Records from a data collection
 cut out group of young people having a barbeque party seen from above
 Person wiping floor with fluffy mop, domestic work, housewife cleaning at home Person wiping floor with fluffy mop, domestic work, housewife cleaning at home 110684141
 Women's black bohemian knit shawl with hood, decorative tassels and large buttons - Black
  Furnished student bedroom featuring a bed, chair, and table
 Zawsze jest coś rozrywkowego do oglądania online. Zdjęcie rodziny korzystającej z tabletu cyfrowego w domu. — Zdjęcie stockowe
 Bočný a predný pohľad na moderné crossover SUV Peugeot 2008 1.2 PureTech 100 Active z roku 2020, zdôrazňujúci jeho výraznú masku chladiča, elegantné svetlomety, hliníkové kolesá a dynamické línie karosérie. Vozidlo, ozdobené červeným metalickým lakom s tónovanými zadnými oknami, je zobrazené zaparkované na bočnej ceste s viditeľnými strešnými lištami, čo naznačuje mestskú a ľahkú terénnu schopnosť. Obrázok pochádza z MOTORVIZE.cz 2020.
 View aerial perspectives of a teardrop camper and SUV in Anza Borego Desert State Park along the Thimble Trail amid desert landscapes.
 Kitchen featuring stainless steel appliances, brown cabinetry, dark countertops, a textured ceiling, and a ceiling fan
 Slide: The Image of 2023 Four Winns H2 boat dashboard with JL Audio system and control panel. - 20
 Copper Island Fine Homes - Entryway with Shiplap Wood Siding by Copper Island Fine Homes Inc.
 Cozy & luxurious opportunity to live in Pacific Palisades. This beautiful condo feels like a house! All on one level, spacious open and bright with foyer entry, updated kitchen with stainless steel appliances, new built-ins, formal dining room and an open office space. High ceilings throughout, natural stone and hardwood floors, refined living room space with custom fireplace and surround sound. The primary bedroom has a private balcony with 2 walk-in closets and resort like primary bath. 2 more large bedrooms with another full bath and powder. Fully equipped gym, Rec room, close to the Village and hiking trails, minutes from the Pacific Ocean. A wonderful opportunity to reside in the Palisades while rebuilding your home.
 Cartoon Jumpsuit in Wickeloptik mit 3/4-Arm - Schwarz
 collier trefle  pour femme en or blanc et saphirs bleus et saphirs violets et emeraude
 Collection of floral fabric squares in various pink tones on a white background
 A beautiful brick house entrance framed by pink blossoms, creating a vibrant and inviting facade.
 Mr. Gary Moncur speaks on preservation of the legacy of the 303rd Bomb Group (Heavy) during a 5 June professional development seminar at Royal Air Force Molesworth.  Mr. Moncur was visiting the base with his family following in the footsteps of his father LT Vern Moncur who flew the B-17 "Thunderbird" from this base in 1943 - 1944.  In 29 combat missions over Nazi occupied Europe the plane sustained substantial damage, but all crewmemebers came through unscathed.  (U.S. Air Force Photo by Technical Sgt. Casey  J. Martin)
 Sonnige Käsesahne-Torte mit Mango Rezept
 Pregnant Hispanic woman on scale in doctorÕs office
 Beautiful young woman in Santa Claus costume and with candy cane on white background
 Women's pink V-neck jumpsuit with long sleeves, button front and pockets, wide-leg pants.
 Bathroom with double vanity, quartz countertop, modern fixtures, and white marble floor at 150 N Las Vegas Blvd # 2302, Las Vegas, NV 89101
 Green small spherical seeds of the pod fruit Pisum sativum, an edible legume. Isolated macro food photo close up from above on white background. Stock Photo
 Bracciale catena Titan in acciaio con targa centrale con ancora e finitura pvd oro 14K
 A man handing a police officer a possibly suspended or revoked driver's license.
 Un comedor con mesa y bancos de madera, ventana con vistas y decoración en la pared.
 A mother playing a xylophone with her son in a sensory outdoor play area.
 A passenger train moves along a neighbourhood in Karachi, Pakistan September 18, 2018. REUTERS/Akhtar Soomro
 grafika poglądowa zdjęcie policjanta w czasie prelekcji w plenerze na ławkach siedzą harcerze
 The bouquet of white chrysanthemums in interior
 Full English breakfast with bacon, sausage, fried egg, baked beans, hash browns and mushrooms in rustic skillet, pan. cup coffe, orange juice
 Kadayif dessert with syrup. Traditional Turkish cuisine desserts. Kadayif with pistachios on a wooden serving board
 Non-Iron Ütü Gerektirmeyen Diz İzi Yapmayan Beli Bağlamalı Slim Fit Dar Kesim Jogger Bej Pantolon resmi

Task objective.
Which lines run from the one holding "Full English breakfast" through the one holding "Kadayif dessert with" in the records above? Repeat them exactly, both included, and nothing more.

Exercise response.
 Full English breakfast with bacon, sausage, fried egg, baked beans, hash browns and mushrooms in rustic skillet, pan. cup coffe, orange juice
 Kadayif dessert with syrup. Traditional Turkish cuisine desserts. Kadayif with pistachios on a wooden serving board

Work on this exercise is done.